Haha, that's neat to think about!

> One solution I've been thinking about is to make StandardTokenizer work  
> with arbitrary word break property tables. That is, use the rules  
> described in UAX#29 but allow for customized mappings of the word break  
> property which should cover many use cases.

So it would be like specifying a Perl regex where you are only allowed to use
\p{} constructs and a very limited set of properties.

> This would basically mean to  port the code in devel/bin/UnicodeTable.pm to
> C and provide a nice  public interface. It's certainly feasible but there
> are some challenges involved, serialization for example.
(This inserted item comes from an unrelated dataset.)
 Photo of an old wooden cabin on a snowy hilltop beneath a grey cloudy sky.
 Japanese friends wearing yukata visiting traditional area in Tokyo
The serialization problem is solvable via subclassing.  

Initialize the data via a callback subroutine which the user must override in
a subclass.  That way, the class name of the user subclass stands in as a
symbol for all of its methods.  All you need in the Schema file is the name of
the subclass and you're able to initialize the object completely so long as
the class has been loaded.

>> If that goal seems to far away, then my next suggestion would be to create a
>> LucyX class to house a StandardTokenizer embellished with arbitrary extensions
>> -- working name: LucyX::Analysis::NonStandardTokenizer.
>
> That would be OK with me.

OK, then how about this?

Create LucyX::Analysis::NonStandardTokenizer with a callback which handles
assembling the specific unicode properties.  It may take a couple iterations
to get the interface solid, but that's OK because LucyX classes come with
lower expectations for backwards compat.

If and when we decided that we've gotten the callback initialization API
right, we can move the method up into StandardTokenizer and make
NonStandardTokenizer a trivial subclass.

For what it's worth, IMO you should feel free to mess with StandardTokenizer's
internals while hacking up an implementation for NonStandardTokenizer.
Everything's reversible so long as you don't change StandardTokenizer's
interface, and the way I'm thinking you'd implement this, that seems like the
easiest way.

> On another note, is it possible to package  Lucy extensions that contain C
> code outside of the main source tree?

There are three things preventing that right now.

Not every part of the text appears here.